If you are wanting your order by Friday, please keep a lookout for my pm and complete payment by tomorrow morning. 

Thanks again for all the support!

Reactions: Like 1 | Winner 2


----------



## kevkev (20/8/14)

ShaneW said:


> Finally the AV juice is on a flight to slum town after a full cavity search by the authorities
> 
> Please could everyone make sure that their profiles on the Juicy Joes website is up to date with the correct shipping details (including phone number)
> I'll be loading the pre orders manually tonight after I've collected and inspected the order. You will then receive a PM from me with the details on how to proceed.
> ...


 
Whoohoo. Thanks for all the feedback @ShaneW

Reactions: Like 1 | Agree 2


----------



## capetocuba (20/8/14)

Thanks again for the update @ShaneW !!!

Reactions: Like 1 | Agree 1


----------



## MurderDoll (20/8/14)

Nicoticket gonna be at Vape meet? 

I need to pre book!!


----------



## ShaneW (20/8/14)

Sorry unfortunately not... coming next month. and yes you can pre book


----------



## MurderDoll (20/8/14)

Will chat on WhatsApp. :thumb up:

Reactions: Like 1


----------



## ShaneW (21/8/14)

Was up till wee hours this morning packing all the orders.
All the orders are ready to be shipped 

Please remember that aramex delivers by 10.30 make sure there is someone at the address you provided to receive the parcel tomorrow. If they miss you you might only get your order from them on Monday... Wouldn't want that!
If this is gonna be an issue please contact us immediately 043 555 3333 or Sales@juicyjoes.co.za I'm on the road again but my wife Sam all gladly help. 

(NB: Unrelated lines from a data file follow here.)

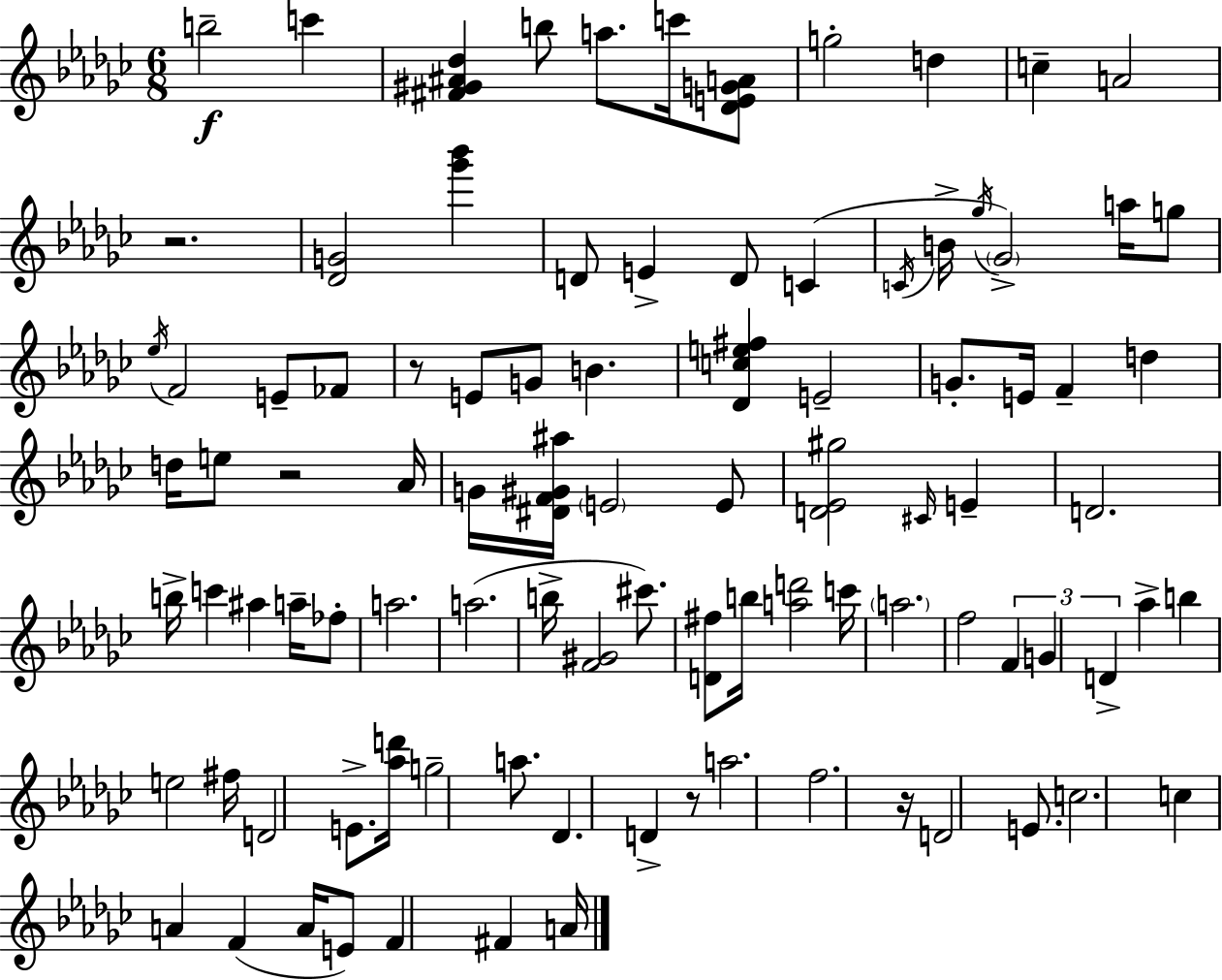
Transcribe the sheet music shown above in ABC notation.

X:1
T:Untitled
M:6/8
L:1/4
K:Ebm
b2 c' [^F^G^A_d] b/2 a/2 c'/4 [_DEGA]/2 g2 d c A2 z2 [_DG]2 [_g'_b'] D/2 E D/2 C C/4 B/4 _g/4 _G2 a/4 g/2 _e/4 F2 E/2 _F/2 z/2 E/2 G/2 B [_Dce^f] E2 G/2 E/4 F d d/4 e/2 z2 _A/4 G/4 [^DF^G^a]/4 E2 E/2 [D_E^g]2 ^C/4 E D2 b/4 c' ^a a/4 _f/2 a2 a2 b/4 [F^G]2 ^c'/2 [D^f]/2 b/4 [ad']2 c'/4 a2 f2 F G D _a b e2 ^f/4 D2 E/2 [_ad']/4 g2 a/2 _D D z/2 a2 f2 z/4 D2 E/2 c2 c A F A/4 E/2 F ^F A/4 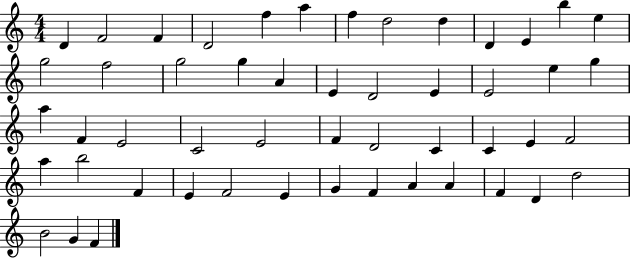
{
  \clef treble
  \numericTimeSignature
  \time 4/4
  \key c \major
  d'4 f'2 f'4 | d'2 f''4 a''4 | f''4 d''2 d''4 | d'4 e'4 b''4 e''4 | \break g''2 f''2 | g''2 g''4 a'4 | e'4 d'2 e'4 | e'2 e''4 g''4 | \break a''4 f'4 e'2 | c'2 e'2 | f'4 d'2 c'4 | c'4 e'4 f'2 | \break a''4 b''2 f'4 | e'4 f'2 e'4 | g'4 f'4 a'4 a'4 | f'4 d'4 d''2 | \break b'2 g'4 f'4 | \bar "|."
} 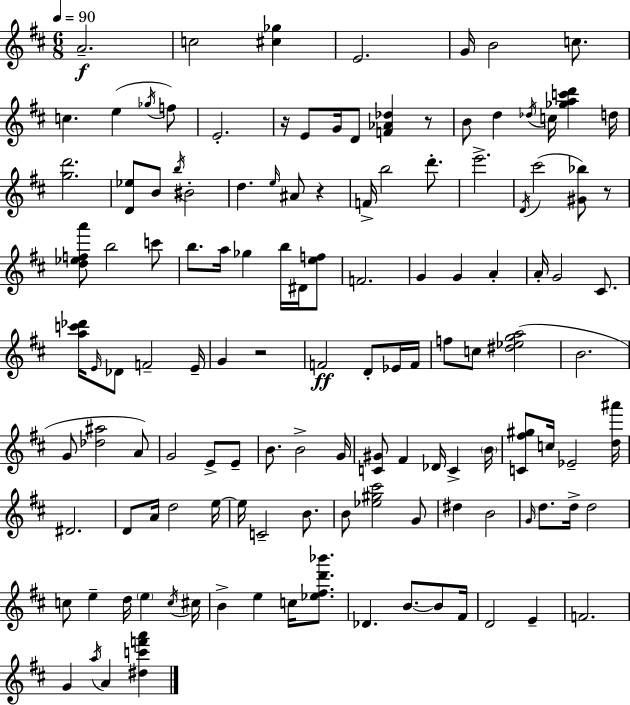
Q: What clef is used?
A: treble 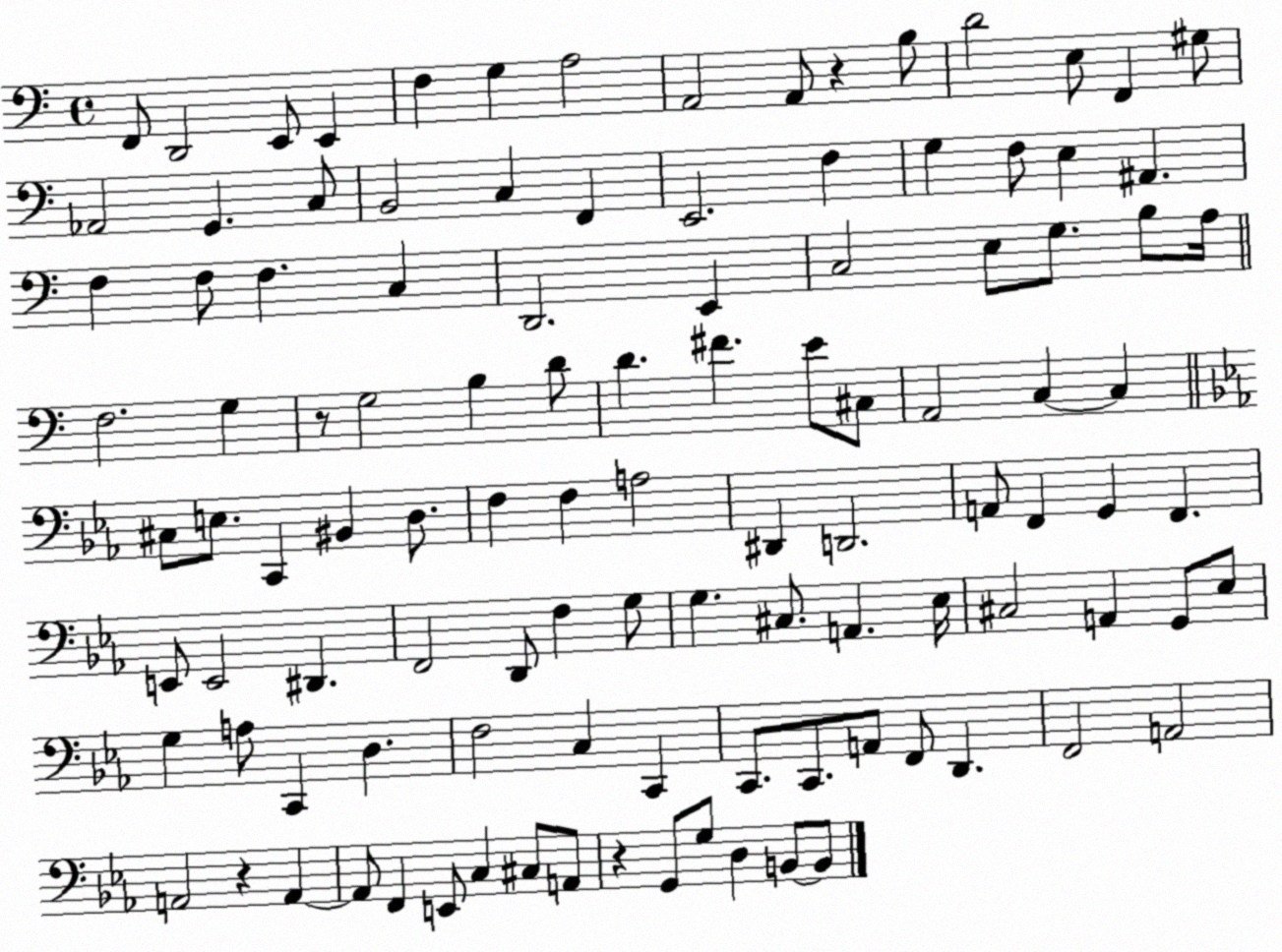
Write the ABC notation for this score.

X:1
T:Untitled
M:4/4
L:1/4
K:C
F,,/2 D,,2 E,,/2 E,, F, G, A,2 A,,2 A,,/2 z B,/2 D2 E,/2 F,, ^G,/2 _A,,2 G,, C,/2 B,,2 C, F,, E,,2 F, G, F,/2 E, ^A,, F, F,/2 F, C, D,,2 E,, C,2 E,/2 G,/2 B,/2 A,/4 F,2 G, z/2 G,2 B, D/2 D ^F E/2 ^C,/2 A,,2 C, C, ^C,/2 E,/2 C,, ^B,, D,/2 F, F, A,2 ^D,, D,,2 A,,/2 F,, G,, F,, E,,/2 E,,2 ^D,, F,,2 D,,/2 F, G,/2 G, ^C,/2 A,, _E,/4 ^C,2 A,, G,,/2 _E,/2 G, A,/2 C,, D, F,2 C, C,, C,,/2 C,,/2 A,,/2 F,,/2 D,, F,,2 A,,2 A,,2 z A,, A,,/2 F,, E,,/2 C, ^C,/2 A,,/2 z G,,/2 G,/2 D, B,,/2 B,,/2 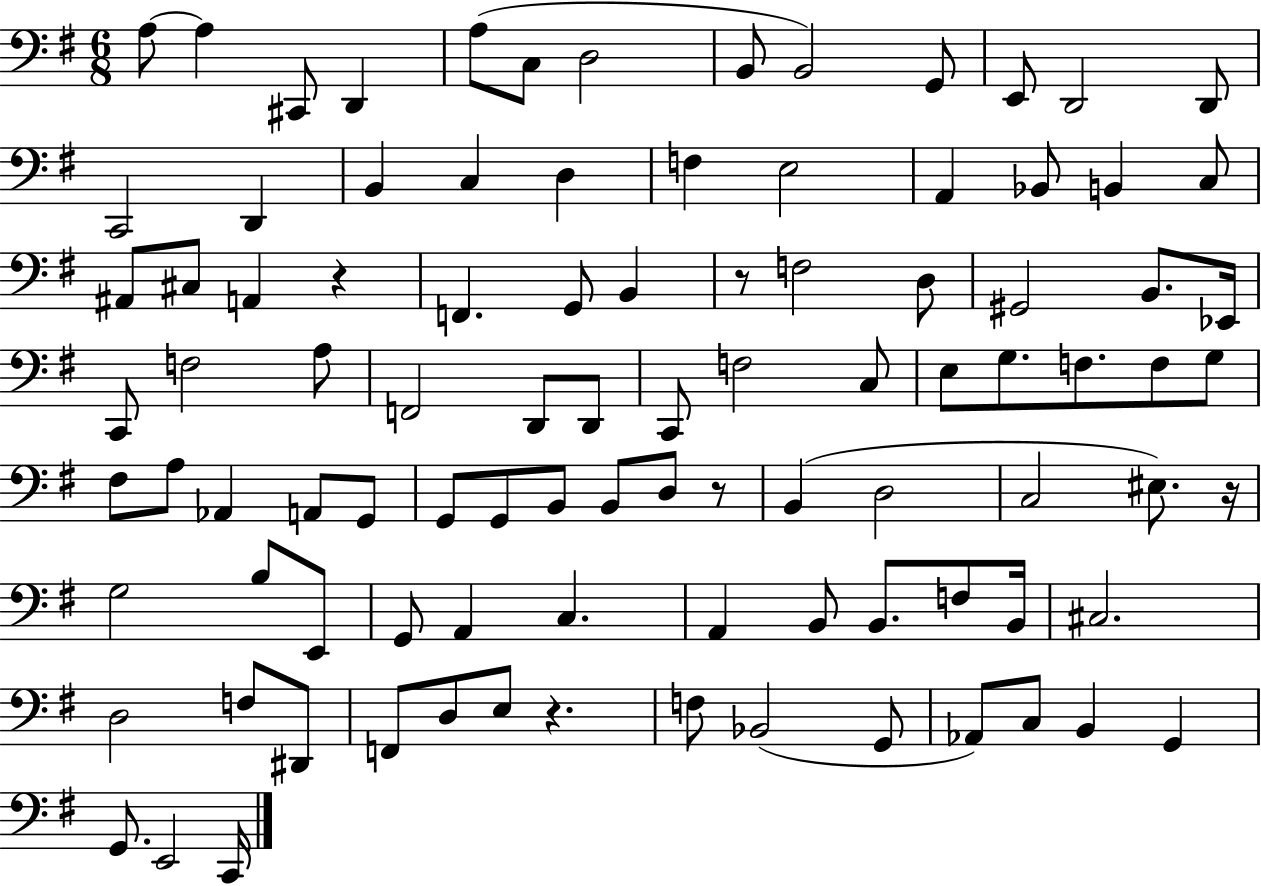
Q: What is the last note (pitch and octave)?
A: C2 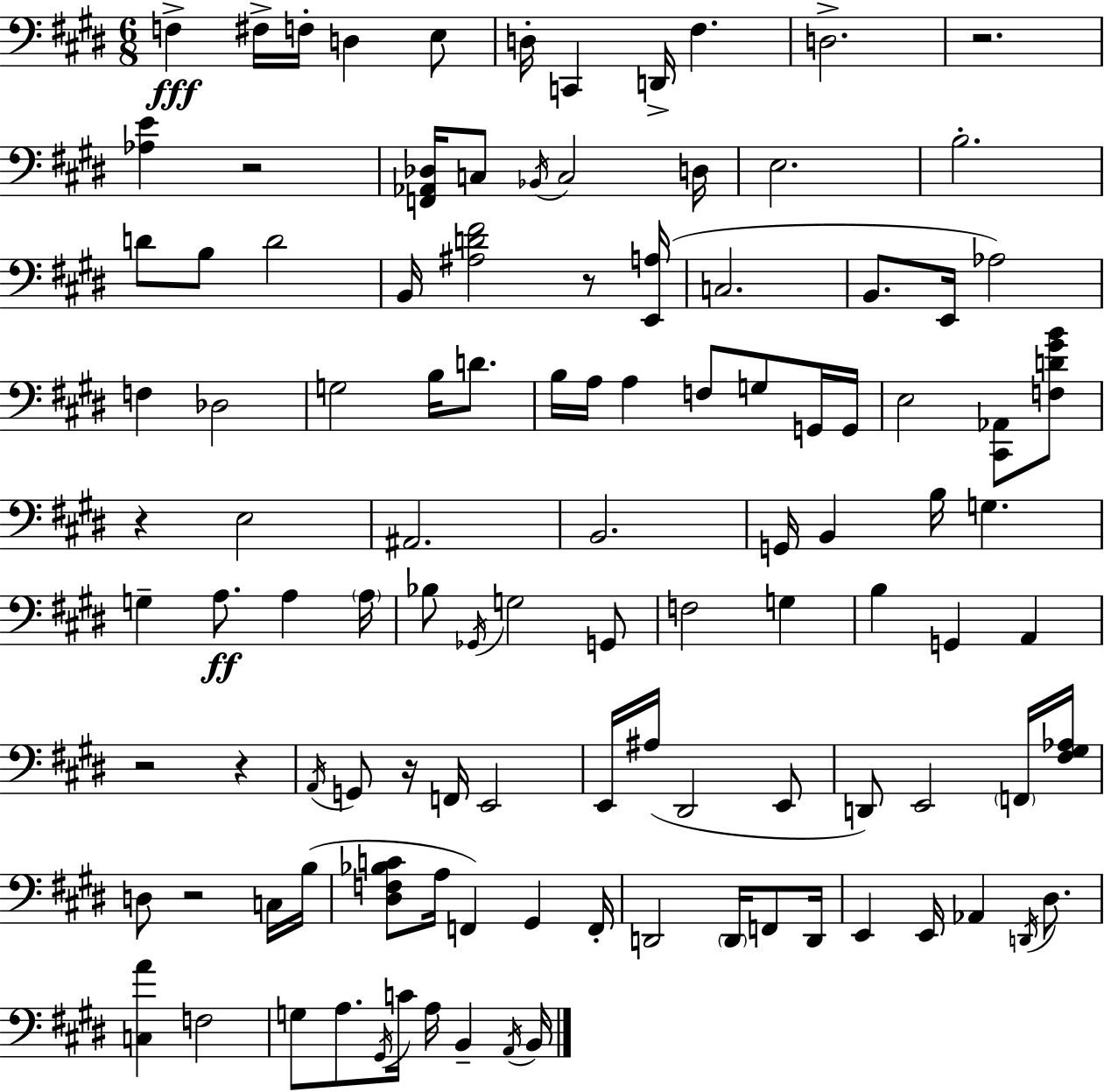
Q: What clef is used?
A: bass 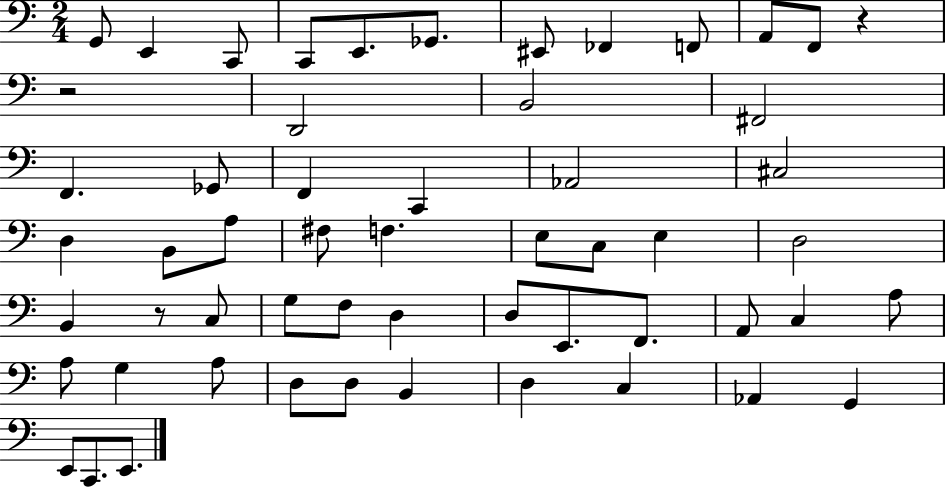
G2/e E2/q C2/e C2/e E2/e. Gb2/e. EIS2/e FES2/q F2/e A2/e F2/e R/q R/h D2/h B2/h F#2/h F2/q. Gb2/e F2/q C2/q Ab2/h C#3/h D3/q B2/e A3/e F#3/e F3/q. E3/e C3/e E3/q D3/h B2/q R/e C3/e G3/e F3/e D3/q D3/e E2/e. F2/e. A2/e C3/q A3/e A3/e G3/q A3/e D3/e D3/e B2/q D3/q C3/q Ab2/q G2/q E2/e C2/e. E2/e. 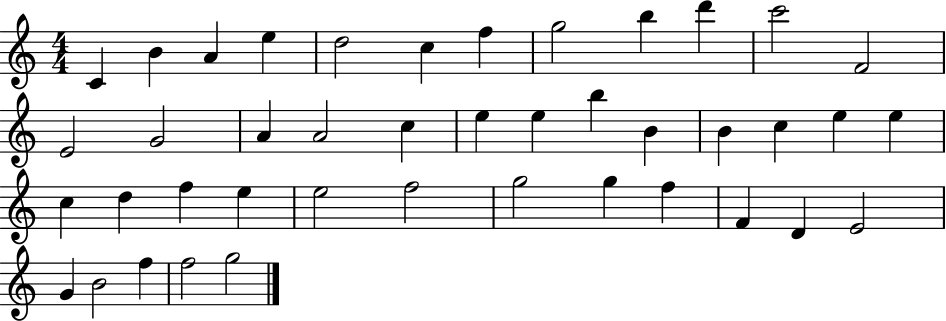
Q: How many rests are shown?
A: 0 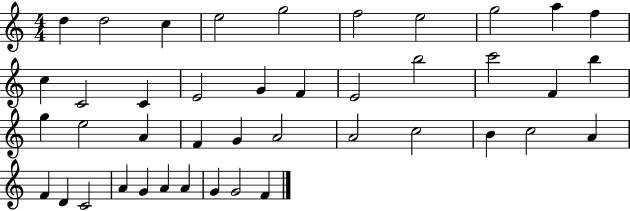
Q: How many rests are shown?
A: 0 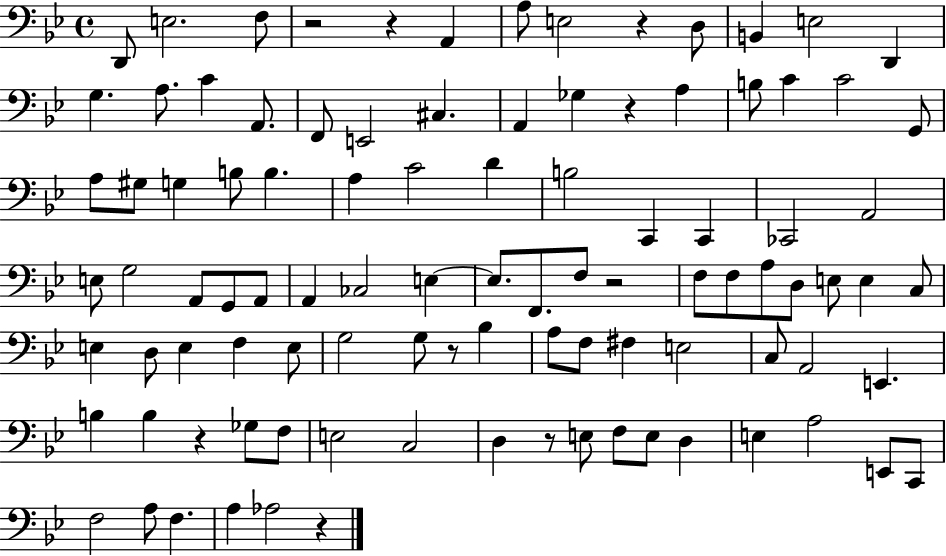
X:1
T:Untitled
M:4/4
L:1/4
K:Bb
D,,/2 E,2 F,/2 z2 z A,, A,/2 E,2 z D,/2 B,, E,2 D,, G, A,/2 C A,,/2 F,,/2 E,,2 ^C, A,, _G, z A, B,/2 C C2 G,,/2 A,/2 ^G,/2 G, B,/2 B, A, C2 D B,2 C,, C,, _C,,2 A,,2 E,/2 G,2 A,,/2 G,,/2 A,,/2 A,, _C,2 E, E,/2 F,,/2 F,/2 z2 F,/2 F,/2 A,/2 D,/2 E,/2 E, C,/2 E, D,/2 E, F, E,/2 G,2 G,/2 z/2 _B, A,/2 F,/2 ^F, E,2 C,/2 A,,2 E,, B, B, z _G,/2 F,/2 E,2 C,2 D, z/2 E,/2 F,/2 E,/2 D, E, A,2 E,,/2 C,,/2 F,2 A,/2 F, A, _A,2 z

Thanks for the overwhelming support everyone, really appreciate it  

Hope the juice lives up to your expectations 

Stay tuned for more

Reactions: Winner 4


----------



## Noddy (21/8/14)

@ShaneW are you going to add this to our baskets on your site? I have other stuff in my basket also.


----------



## ShaneW (21/8/14)

Hi @Noddy unfortunately I don't have any control over your basket. With the pre orders, I manually create an order and PM you the details on how to proceed. If you want additional items I can either add them manually or I can provide you with a coupon code to void the shipping on the order in your basket.


----------



## Noddy (21/8/14)

Thanks ShaneW. Whichever is better for you.


----------



## ShaneW (21/8/14)

Just letting everyone know that all the orders went out safely this afternoon and are all 'in transit' I confirmed all of them with Aramex earlier.

The weakest link in this whole process is always the couriers so please... If you do not have your package by 10.30am, please call 043 555 3333 or 082 332 5298 or email sales@juicyjoes.co.za ASAP so we can find out what is going on.
Rather dont wait until later, if its not there by 10.30 it usually indicates there is an issue. Would love all of you to have a Bobas filled weekend!

Cheers

Shane

Reactions: Thanks 2


----------



## crack2483 (21/8/14)

ShaneW said:


> Just letting everyone know that all the orders went out safely this afternoon and are all 'in transit' I confirmed all of them with Aramex earlier.
> 
> The weakest link in this whole process is always the couriers so please... If you do not have your package by 10.30am, please call 043 555 3333 or 082 332 5298 or email sales@juicyjoes.co.za ASAP so we can find out what is going on.
> Rather dont wait until later, if its not there by 10.30 it usually indicates there is an issue. Would love all of you to have a Bobas filled weekend!
> ...



Eish. You really want more Chinese emails don't you. Lol.

Sent from my SM-N9005 using Tapatalk

Reactions: Agree 1


----------



## ShaneW (21/8/14)

crack2483 said:


> Eish. You really want more Chinese emails don't you. Lol.
> 
> Sent from my SM-N9005 using Tapatalk


 
Hahaha, I freegin hope not

PS... if you dont come over soon I'm gonna have to break this goody bag open and have a party


----------



## crack2483 (21/8/14)

ShaneW said:


> Hahaha, I freegin hope not
> 
> PS... if you dont come over soon I'm gonna have to break this goody bag open and have a party



 you wouldn't! 

Sent from my SM-N9005 using Tapatalk

Reactions: Funny 1


----------



## ShaneW (21/8/14)

crack2483 said:


> you wouldn't!
> 
> Sent from my SM-N9005 using Tapatalk


 
Ya you right I wouldn't. LOL


----------



## capetocuba (22/8/14)

So I'm sitting here seriously twiddling my thumbs, can't concentrate on work waiting for the buzzer to sound with the voice "Hi Aramex here, I have a parcel to deliver"

Reactions: Like 1 | Funny 2


----------